On 01/04/2019 12:46 AM, Alex wrote:
> On Friday, 4 January 2019 at 07:37:43 UTC, bauss wrote:
>> No, because you OVERRIDE A's foo().
>>
>> A does not exist. A is B and when you cast B to A you just tell the
>> compiler that the reference should only have A's signature available.
>>
>> You're not assigning B to A.
>
> Let's assume this is right. How to force a B object to behave like an A
> object?

Not possible by default. However, a B object is already behaving like an A object because e.g. it overrides the foo() member function.

> I thought casting is a possible approach...

In this case, casting is using the B object through it's A interface.
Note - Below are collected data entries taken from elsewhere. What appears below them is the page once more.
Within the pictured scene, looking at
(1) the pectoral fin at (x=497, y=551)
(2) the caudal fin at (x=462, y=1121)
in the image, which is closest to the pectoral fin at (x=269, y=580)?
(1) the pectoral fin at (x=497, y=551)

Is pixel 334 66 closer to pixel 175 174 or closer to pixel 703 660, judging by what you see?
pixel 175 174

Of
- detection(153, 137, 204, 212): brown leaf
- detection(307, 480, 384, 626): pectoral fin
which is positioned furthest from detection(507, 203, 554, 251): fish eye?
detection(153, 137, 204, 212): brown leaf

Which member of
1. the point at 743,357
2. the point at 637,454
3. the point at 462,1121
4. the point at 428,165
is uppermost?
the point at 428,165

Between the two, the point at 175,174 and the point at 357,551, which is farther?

The overridden behavior does not change. (Actually, that is possible in languages that support multiple inheritance through multiple virtual function pointer tables (vtbl) but D does not support that.)

Although I'm getting into implementation details here, I think it helps with understanding the semantics. There is only one vtbl per class object in D and the function entries are all filled in during construction. So, a B object's 'foo' slot in that table is filled with B.foo. So, such an object can foo() only as a B.

If there is such a need and B can indeed support behaving like an A, it can do so itself by calling A.foo, not through vtbl, but directly:

class B : A {
  override void foo() {
    A.foo();  // Calling directly
  }
}

By the way, do you have a use case in mind? Perhaps there are other ways to achieve that.